▶ [To do]
From the records below, copy out exactly the lines from the one containing "1808 NE 61st" to the one containing "Explozie la o", both included. Add nothing else.

━━━━

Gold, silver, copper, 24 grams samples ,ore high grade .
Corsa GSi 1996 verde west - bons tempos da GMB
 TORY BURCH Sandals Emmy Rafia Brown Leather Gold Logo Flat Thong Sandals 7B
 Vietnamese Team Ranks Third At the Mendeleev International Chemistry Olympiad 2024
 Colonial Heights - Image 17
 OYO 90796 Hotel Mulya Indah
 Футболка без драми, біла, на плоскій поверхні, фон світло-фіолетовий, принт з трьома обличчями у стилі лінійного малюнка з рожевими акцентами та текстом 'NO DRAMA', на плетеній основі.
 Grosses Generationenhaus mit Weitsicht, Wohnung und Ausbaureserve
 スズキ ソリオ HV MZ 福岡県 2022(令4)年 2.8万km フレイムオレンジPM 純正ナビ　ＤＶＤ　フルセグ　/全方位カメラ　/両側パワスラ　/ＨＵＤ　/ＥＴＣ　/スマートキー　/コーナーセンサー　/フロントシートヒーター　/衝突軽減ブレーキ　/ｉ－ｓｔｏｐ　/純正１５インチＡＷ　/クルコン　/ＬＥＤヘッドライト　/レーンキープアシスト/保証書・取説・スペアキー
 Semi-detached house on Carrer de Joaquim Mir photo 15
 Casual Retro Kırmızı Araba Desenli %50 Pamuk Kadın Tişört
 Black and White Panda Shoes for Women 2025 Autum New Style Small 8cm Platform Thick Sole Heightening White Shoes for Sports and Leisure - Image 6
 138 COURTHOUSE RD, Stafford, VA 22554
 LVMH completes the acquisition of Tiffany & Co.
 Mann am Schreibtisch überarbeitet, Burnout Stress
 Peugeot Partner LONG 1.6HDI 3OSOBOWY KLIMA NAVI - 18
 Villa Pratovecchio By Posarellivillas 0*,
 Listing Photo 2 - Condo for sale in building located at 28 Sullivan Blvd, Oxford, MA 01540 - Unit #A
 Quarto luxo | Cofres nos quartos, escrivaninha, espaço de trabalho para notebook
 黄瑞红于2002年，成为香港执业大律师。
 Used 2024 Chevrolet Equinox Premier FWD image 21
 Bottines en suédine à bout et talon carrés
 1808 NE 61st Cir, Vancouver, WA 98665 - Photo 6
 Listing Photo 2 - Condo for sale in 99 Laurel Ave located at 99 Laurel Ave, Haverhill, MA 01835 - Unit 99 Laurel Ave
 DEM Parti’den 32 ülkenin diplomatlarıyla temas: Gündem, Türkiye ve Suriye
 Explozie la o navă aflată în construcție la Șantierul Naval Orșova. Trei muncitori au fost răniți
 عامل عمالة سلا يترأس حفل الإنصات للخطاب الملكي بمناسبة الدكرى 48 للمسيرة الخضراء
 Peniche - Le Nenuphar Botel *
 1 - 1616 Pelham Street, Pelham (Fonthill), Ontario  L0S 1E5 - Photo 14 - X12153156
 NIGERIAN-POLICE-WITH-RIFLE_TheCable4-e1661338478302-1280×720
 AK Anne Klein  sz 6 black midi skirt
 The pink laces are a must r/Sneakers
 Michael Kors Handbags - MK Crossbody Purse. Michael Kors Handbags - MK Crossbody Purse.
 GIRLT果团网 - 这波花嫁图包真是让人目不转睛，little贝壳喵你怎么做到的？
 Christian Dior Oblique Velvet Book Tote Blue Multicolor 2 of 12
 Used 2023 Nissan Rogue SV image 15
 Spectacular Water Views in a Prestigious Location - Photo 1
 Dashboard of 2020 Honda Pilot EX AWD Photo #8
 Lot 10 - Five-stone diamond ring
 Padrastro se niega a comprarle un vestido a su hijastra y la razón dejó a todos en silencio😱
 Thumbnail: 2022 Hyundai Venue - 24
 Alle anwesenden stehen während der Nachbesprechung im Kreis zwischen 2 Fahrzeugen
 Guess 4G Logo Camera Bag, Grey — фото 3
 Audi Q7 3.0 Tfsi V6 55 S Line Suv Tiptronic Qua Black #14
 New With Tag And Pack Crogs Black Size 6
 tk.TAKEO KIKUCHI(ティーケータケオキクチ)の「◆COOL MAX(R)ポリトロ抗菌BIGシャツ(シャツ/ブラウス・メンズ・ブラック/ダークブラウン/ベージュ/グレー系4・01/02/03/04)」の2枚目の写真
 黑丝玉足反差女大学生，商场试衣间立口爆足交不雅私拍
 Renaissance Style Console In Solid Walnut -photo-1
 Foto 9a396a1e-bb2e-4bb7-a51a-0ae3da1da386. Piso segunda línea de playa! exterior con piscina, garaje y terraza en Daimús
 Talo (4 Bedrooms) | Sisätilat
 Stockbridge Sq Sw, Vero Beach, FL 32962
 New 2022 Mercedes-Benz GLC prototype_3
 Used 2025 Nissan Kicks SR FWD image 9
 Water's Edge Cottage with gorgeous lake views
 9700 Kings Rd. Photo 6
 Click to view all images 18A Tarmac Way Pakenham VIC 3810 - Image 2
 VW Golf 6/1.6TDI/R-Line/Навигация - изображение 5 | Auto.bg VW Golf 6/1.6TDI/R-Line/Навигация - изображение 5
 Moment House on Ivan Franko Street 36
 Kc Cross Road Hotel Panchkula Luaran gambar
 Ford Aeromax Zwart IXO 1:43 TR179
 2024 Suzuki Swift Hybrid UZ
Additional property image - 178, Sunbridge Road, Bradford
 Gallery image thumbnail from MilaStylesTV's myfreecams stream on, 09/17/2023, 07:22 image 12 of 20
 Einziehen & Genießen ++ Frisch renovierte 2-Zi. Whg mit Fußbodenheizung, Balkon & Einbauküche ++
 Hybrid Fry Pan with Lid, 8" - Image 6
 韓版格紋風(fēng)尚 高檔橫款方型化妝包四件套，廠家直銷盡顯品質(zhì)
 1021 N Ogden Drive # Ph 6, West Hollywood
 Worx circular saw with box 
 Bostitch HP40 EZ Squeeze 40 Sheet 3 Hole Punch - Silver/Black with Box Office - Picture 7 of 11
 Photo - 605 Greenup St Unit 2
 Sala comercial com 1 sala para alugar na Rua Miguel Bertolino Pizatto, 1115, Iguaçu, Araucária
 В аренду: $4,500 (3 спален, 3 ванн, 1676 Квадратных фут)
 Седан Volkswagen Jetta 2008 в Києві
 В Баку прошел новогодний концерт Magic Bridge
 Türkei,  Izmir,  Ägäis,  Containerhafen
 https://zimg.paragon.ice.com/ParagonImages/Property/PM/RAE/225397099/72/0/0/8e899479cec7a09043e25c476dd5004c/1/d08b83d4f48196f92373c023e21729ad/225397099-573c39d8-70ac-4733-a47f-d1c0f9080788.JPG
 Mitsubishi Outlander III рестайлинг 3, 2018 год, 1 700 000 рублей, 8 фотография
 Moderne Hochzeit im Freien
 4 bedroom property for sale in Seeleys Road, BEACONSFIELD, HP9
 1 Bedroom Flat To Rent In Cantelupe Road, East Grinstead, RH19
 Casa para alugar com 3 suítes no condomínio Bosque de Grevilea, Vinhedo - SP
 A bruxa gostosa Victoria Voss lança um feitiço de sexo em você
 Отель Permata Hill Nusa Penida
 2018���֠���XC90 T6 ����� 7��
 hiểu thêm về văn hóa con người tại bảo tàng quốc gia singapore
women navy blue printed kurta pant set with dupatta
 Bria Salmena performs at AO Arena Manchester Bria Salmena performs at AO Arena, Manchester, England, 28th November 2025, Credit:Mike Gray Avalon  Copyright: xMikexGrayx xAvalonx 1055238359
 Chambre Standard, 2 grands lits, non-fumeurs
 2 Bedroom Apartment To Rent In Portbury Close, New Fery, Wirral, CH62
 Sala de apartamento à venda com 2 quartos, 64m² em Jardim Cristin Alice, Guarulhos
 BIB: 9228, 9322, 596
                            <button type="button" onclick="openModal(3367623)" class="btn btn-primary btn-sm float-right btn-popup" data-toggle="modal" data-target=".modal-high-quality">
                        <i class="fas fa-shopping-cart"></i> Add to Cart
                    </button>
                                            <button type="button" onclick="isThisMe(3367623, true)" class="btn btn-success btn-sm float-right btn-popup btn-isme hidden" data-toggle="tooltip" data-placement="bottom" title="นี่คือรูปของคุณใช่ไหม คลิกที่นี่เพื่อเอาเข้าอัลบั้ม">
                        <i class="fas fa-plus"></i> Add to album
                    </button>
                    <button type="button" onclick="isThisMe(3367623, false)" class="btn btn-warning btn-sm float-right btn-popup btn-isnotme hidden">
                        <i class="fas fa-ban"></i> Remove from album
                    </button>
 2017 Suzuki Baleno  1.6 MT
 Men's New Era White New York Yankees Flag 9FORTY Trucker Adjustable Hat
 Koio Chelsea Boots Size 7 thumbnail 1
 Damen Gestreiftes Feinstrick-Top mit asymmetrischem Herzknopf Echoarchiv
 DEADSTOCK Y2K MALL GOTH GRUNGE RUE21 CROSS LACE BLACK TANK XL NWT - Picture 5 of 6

━━━━

▶ [Answer for this exercise]
 1808 NE 61st Cir, Vancouver, WA 98665 - Photo 6
 Listing Photo 2 - Condo for sale in 99 Laurel Ave located at 99 Laurel Ave, Haverhill, MA 01835 - Unit 99 Laurel Ave
 DEM Parti’den 32 ülkenin diplomatlarıyla temas: Gündem, Türkiye ve Suriye
 Explozie la o navă aflată în construcție la Șantierul Naval Orșova. Trei muncitori au fost răniți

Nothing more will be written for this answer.